Today I got bit by a nasty bug in Apache’s regex implementation, though. In standard regular expression syntax, if you wanted to match this:
foo.shtml?1-5
...then you would need to escape the question-mark in your regex, like this:
/foo.shtml\?1-5/
However, that does not match in Apache’s SSI expr tests.
I spent a couple hours debugging the problem, trying different combinations of query-string, no query-string, trailing dollar-sign, escaped trailing dollar-sign, all to no avail. I wrote up a test page that showed some base cases with an output of "matches" or "does not match" and it almost seemed that somehow the $REQUEST_URI didn’t actually include the $QUERY_STRING (even though echoing it did show the QS).

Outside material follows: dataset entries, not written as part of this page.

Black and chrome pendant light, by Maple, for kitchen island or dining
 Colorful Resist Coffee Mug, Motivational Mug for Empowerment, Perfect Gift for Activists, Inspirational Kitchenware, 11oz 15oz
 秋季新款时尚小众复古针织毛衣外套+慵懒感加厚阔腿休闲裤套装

I only discovered the solution as I was preparing to file a bug in Apache’s bugzilla. Someone else had had a related problem and in the course of discussing it, an Apache developer revealed that all backslashes must be escaped within regex portions of expr statements. So instead of this:
<!--#if expr="$REQUEST_URI = /foo.shtml\?1-5/" -->
...you need to use this:
<!--#if expr="$REQUEST_URI = /foo.shtml\\?1-5/" -->
Now that’s buggy and ridiculous, but that in itself isn’t a huge deal. What is a huge deal, though, is that nowhere in the mod_include documentation is this glaring flaw ever mentioned.